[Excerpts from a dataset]
+--
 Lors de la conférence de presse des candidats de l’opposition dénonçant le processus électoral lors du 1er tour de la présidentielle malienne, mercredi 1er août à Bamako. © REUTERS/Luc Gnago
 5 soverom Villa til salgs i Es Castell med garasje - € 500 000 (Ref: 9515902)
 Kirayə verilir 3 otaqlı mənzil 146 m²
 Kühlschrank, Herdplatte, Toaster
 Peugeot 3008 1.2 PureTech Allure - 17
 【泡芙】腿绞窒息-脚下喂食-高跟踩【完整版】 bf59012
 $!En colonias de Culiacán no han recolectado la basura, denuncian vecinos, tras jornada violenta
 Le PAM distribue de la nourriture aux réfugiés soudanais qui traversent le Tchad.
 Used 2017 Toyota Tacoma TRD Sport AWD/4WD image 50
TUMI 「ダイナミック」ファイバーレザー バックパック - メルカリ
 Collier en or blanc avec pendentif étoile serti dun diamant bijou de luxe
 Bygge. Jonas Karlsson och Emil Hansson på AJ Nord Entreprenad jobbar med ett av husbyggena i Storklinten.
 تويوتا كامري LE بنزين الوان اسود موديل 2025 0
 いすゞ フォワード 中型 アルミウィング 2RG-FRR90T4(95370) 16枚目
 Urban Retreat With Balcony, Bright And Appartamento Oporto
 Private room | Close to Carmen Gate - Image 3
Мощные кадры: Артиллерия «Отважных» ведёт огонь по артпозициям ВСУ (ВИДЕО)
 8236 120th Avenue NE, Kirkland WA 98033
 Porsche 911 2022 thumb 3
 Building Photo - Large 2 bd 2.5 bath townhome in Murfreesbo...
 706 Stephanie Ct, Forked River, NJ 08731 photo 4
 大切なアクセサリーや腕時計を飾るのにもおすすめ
+--
> _Directions for this task_: Each record above should be returned exactly as written.

> _Expected answer_:
 Lors de la conférence de presse des candidats de l’opposition dénonçant le processus électoral lors du 1er tour de la présidentielle malienne, mercredi 1er août à Bamako. © REUTERS/Luc Gnago
 5 soverom Villa til salgs i Es Castell med garasje - € 500 000 (Ref: 9515902)
 Kirayə verilir 3 otaqlı mənzil 146 m²
 Kühlschrank, Herdplatte, Toaster
 Peugeot 3008 1.2 PureTech Allure - 17
 【泡芙】腿绞窒息-脚下喂食-高跟踩【完整版】 bf59012
 $!En colonias de Culiacán no han recolectado la basura, denuncian vecinos, tras jornada violenta
 Le PAM distribue de la nourriture aux réfugiés soudanais qui traversent le Tchad.
 Used 2017 Toyota Tacoma TRD Sport AWD/4WD image 50
TUMI 「ダイナミック」ファイバーレザー バックパック - メルカリ
 Collier en or blanc avec pendentif étoile serti dun diamant bijou de luxe
 Bygge. Jonas Karlsson och Emil Hansson på AJ Nord Entreprenad jobbar med ett av husbyggena i Storklinten.
 تويوتا كامري LE بنزين الوان اسود موديل 2025 0
 いすゞ フォワード 中型 アルミウィング 2RG-FRR90T4(95370) 16枚目
 Urban Retreat With Balcony, Bright And Appartamento Oporto
 Private room | Close to Carmen Gate - Image 3
Мощные кадры: Артиллерия «Отважных» ведёт огонь по артпозициям ВСУ (ВИДЕО)
 8236 120th Avenue NE, Kirkland WA 98033
 Porsche 911 2022 thumb 3
 Building Photo - Large 2 bd 2.5 bath townhome in Murfreesbo...
 706 Stephanie Ct, Forked River, NJ 08731 photo 4
 大切なアクセサリーや腕時計を飾るのにもおすすめ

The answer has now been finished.